Svezia e Finlandia respingono le accuse e per il momento si sono rifiutati di estradare in Turchia le persone indicate dal governo di Ankara, che in quasi tutti i casi sono stati accolti come rifugiati. 

Ma l’alleanza dovrà probabilmente trovare un compromesso, poiché la Turchia, che è membro dell’alleanza dal 1952, ha il diritto di veto sull’ingresso di nuovi membri. Erdogan ha annunciato nelle ultime settimane la sua intenzione di iniziare una nuova operazione militare contro i curdi dell’Ypg della Siria settentrionale, alleati degli Stati Uniti nella lotta contro l’Isis. 

Lasciare mano libera ad Ankara con i curdi siriani potrebbe essere una delle monete di scambio per ottenere l’assenso di Erdogan. Per il momento, però, le trattative rimangono segrete. Se fino a un mese fa, tutti i principali osservatori erano convinti che la minaccia di veto turco fosse solo una strategia negoziale, oggi la situazione sembra molto più seria.
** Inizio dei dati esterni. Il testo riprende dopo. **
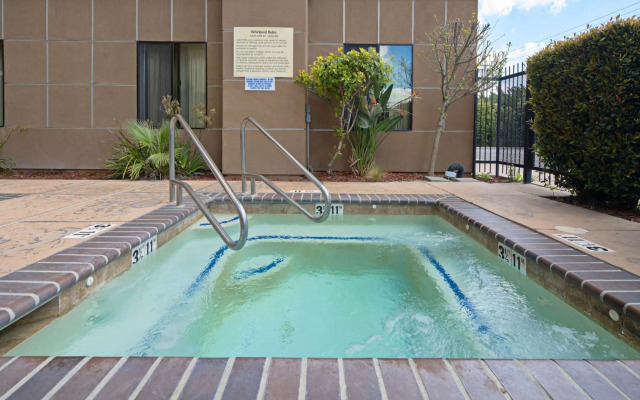 Hampton Inn Visalia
Che fare con la spesa militare?

Le linee guida della Nato impegnano i trenta stati membri a spendere almeno il 2 per cento del Pil per la difesa, ma da lungo tempo solo una minoranza rispetta questa indicazione. Al momento soltanto nove paesi su trenta superano la soglia, ed erano ancora meno prima dell’invasione russa della Crimea e del Donbass nel 2014. Tra i paesi che non raggiungono il 2 per cento ci sono Germania, Italia, Canada, Spagna e Paesi Bassi.

La nuova invasione russa del 24 febbraio ha cambiato la situazione e ora la Nato dice che 19 stati membri hanno piani per portare la spesa per la difesa sopra il 2 per cento nei prossimi anni. Il caso più celebre è quello della Germania, che con una svolta storica ha annunciato l’investimento di 100 miliardi di euro nella difesa, una cifra sufficiente a portarla ben oltre la soglia.

Ma oltre agli annunci bisognerà capire quanto di questa spesa si tradurrà concretamente in investimenti, acquisti di equipaggiamenti, programmi di addestramento e via dicendo. L’ideale sarebbe che l’aumento di speso venisse coordinato, ma con numerose industrie militari nazionali in competizione le une con le altre è difficile mettere d’accordo tutto. Inoltre è possibile che con il crescere della stanchezza per il confronto nei paesi meno minacciati dalla Russia, le promesse di aumento di spesa vengano progressivamente ridotte. Evitare che questo accade e assicurare investimenti di qualità sono tra gli obiettivi più importanti del vertice.